Speaking at a ceremony in Colombo yesterday to mark the ninth anniversary of the war, Sirisena said although the LTTE (Liberation Tigers of Tamil Eelam) had been defeated militarily, its ideology and agents are very much alive.
"We have defeated the LTTE physically and militarily but their ideology has not died. Their agents in the diaspora in the LTTE's international network are very much alive," he said.
"They are still working to create their Eelam (separate Tamil state) dream," he said.
He said the LTTE was still challenging the Sri Lanka government, referring to a demonstration held against him by the group's sympathisers in London.

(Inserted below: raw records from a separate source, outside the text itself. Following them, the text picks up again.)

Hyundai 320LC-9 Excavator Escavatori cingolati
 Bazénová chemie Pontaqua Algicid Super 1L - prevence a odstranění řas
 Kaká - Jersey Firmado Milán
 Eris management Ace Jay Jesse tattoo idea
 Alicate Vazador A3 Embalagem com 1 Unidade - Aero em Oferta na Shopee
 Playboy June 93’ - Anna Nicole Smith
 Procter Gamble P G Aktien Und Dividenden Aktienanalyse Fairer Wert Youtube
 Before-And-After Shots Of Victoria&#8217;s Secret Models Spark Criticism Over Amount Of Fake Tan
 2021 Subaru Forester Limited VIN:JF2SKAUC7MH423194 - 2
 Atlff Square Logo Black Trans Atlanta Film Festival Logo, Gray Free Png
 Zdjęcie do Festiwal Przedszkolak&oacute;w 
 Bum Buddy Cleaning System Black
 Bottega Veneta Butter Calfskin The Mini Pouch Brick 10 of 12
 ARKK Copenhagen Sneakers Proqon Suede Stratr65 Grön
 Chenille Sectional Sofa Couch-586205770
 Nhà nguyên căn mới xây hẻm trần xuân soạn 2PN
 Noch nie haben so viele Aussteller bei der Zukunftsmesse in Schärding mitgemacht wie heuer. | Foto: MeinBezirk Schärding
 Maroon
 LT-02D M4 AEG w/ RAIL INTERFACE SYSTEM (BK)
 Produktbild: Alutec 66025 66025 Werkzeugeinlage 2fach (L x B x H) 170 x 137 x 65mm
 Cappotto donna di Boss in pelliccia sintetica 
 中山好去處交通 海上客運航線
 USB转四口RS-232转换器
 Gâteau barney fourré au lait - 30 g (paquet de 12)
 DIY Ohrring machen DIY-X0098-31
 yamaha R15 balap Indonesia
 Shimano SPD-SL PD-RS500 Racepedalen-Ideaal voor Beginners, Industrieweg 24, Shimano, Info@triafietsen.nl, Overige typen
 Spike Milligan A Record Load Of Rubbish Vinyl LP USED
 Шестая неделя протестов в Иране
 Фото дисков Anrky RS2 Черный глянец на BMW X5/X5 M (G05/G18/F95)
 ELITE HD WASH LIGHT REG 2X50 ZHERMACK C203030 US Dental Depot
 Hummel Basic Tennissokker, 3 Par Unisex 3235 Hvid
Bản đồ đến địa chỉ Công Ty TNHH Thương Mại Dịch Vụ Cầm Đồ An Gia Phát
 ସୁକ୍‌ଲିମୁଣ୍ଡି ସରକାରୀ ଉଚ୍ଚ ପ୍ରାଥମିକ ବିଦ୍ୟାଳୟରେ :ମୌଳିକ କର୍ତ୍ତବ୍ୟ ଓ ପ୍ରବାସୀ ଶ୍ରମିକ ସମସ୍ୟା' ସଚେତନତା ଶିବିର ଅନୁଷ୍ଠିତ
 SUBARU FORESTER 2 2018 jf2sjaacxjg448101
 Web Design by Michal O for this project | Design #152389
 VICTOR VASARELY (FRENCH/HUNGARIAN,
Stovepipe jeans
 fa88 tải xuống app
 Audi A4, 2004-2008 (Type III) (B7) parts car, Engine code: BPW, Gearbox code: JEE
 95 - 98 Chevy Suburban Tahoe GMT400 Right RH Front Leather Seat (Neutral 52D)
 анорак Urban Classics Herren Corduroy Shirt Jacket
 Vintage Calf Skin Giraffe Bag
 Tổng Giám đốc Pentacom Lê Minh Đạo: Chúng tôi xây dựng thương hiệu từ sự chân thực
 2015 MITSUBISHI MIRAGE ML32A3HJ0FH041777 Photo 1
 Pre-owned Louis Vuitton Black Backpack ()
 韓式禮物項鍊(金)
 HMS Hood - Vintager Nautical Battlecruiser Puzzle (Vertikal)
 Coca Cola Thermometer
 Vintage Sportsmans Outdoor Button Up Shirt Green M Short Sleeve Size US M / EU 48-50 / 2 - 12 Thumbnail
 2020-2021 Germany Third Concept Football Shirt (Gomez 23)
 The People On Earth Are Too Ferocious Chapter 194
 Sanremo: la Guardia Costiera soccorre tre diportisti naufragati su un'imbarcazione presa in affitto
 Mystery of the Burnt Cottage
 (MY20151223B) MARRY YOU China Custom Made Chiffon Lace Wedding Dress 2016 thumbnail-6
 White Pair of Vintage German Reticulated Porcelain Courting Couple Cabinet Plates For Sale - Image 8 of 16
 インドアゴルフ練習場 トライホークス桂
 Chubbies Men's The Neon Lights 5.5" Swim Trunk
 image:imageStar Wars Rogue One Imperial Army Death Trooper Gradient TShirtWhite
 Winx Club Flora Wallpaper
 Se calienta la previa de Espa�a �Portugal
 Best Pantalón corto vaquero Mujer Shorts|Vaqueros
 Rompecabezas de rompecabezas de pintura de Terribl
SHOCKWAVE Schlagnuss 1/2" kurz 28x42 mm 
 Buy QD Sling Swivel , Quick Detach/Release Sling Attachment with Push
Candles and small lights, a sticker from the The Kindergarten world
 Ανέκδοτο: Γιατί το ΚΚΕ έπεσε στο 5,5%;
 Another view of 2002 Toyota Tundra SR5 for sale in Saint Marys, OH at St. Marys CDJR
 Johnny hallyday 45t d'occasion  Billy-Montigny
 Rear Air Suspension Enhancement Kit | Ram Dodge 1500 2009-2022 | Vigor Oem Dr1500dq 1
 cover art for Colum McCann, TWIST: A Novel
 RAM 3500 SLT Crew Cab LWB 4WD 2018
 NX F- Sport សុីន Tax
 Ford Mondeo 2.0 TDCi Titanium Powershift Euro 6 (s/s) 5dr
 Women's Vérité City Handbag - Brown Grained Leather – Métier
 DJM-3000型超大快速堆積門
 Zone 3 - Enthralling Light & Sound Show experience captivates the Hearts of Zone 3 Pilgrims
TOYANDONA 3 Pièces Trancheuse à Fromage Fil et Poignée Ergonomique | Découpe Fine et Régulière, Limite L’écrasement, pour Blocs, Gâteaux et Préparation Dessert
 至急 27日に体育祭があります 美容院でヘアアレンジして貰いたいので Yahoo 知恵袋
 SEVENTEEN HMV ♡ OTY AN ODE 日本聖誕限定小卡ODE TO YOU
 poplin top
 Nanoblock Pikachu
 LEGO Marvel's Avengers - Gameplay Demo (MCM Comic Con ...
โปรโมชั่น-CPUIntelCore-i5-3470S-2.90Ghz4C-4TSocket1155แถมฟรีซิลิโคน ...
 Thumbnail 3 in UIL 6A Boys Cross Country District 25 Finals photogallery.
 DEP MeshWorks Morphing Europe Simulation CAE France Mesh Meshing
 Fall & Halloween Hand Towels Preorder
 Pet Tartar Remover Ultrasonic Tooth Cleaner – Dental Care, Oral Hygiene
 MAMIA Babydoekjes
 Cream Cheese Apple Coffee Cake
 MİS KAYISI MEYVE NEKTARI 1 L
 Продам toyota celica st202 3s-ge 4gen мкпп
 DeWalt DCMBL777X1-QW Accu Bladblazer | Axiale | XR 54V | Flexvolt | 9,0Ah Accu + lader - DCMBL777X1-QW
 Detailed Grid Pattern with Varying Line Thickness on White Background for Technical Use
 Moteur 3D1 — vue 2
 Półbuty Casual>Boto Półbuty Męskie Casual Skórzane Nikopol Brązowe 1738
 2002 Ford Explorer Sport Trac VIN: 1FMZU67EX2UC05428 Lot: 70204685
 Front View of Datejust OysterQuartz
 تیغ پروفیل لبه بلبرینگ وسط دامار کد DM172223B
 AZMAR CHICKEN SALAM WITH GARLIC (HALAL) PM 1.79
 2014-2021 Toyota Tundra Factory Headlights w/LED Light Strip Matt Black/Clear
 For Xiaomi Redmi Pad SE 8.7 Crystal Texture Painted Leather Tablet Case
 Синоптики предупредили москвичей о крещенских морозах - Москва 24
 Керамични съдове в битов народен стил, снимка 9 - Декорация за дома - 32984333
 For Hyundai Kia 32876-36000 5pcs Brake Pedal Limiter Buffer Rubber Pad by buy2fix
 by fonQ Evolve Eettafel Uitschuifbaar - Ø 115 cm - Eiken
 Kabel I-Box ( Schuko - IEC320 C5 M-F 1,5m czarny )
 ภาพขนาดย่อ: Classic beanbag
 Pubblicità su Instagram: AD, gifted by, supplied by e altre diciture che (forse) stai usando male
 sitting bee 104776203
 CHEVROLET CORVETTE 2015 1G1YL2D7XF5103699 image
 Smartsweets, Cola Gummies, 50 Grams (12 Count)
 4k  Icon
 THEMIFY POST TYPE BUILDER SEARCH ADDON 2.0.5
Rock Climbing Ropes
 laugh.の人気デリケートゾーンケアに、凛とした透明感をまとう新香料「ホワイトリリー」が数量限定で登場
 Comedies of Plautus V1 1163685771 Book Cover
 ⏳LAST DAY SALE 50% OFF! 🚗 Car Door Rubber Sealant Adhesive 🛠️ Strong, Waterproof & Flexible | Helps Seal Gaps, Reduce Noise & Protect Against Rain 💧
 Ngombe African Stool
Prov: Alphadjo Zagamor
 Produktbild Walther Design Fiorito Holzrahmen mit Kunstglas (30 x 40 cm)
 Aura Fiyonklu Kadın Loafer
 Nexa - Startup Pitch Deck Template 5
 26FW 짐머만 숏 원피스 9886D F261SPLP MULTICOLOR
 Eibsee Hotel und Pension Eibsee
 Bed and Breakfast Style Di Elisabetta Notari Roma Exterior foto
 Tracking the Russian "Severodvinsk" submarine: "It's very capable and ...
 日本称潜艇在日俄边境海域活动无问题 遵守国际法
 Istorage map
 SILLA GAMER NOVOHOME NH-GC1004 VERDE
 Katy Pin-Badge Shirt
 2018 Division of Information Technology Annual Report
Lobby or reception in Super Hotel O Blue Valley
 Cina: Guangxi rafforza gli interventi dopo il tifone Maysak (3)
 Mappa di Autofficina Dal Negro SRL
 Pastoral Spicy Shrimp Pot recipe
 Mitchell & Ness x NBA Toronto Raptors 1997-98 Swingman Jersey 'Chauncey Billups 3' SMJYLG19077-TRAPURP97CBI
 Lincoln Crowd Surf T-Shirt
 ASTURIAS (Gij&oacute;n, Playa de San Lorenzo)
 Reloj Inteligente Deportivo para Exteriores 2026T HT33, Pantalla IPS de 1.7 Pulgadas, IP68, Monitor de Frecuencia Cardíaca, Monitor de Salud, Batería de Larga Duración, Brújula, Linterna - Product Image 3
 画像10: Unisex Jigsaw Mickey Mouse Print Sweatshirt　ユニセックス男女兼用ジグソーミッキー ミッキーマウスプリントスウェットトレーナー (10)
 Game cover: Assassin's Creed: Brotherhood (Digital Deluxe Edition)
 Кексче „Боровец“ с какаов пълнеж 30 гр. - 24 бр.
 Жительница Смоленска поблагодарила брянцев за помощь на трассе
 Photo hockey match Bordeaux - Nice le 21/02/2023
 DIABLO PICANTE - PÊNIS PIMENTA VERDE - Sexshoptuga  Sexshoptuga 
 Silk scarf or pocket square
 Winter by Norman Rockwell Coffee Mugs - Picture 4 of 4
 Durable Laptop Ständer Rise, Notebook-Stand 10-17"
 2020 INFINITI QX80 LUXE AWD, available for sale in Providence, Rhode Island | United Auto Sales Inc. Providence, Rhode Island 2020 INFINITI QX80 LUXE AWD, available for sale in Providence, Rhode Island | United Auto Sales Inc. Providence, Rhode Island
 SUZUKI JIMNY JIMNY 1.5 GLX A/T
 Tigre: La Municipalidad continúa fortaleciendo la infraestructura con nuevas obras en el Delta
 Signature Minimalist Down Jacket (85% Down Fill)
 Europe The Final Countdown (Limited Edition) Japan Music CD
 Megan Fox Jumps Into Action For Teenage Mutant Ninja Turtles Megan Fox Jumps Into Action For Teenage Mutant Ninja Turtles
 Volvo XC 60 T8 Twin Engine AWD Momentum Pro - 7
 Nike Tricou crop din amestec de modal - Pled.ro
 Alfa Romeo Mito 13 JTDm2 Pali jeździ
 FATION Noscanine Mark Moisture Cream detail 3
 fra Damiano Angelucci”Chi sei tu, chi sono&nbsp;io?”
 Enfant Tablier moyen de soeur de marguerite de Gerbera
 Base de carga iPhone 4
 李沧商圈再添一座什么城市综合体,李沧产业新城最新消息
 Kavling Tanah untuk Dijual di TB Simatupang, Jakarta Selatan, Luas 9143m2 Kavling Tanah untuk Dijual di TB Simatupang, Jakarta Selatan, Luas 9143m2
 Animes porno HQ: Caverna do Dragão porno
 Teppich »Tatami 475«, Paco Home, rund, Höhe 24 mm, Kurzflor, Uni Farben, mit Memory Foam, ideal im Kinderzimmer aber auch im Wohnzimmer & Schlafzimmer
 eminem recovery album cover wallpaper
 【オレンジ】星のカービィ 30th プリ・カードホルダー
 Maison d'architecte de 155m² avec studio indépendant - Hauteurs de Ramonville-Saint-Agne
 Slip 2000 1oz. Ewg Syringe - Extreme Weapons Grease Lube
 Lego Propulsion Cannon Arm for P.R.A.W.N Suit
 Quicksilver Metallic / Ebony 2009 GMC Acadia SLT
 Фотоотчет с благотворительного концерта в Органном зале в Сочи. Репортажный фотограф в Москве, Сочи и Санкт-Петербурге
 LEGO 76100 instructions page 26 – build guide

While the government and the military commemorated the fallen soldiers at the heroes' day in the south of the island, the Tamils in the north commemorated their war dead.
On Friday, around 5,000 people took part in the commemorative ceremony held at Mullaivaikkal in the Mullaithivu district, the scene of the final battle between the Lankan troops and the LTTE.
Except Northern Chief Minister C V Wigneswaran, no other Tamil politician had participated in the event.
Wigneswaran has declared that May 18 must be identified as Tamil genocide day in the coming years.
Tamils claim tens of thousands of civilians were killed in the final phase of the battle, a charge that is denied by the Lankan Army.
Government forces killed the LTTE supremo Velupillai Prabhakaran on May 18, 2009 after a brutal military crackdown, putting an end to the 37-year long conflict, which claimed at least 1,00,000 lives.
According to UN figures, up to 40,000 civilians were killed by security forces during former president Mahinda Rajapaksas regime that brought an end to the conflict.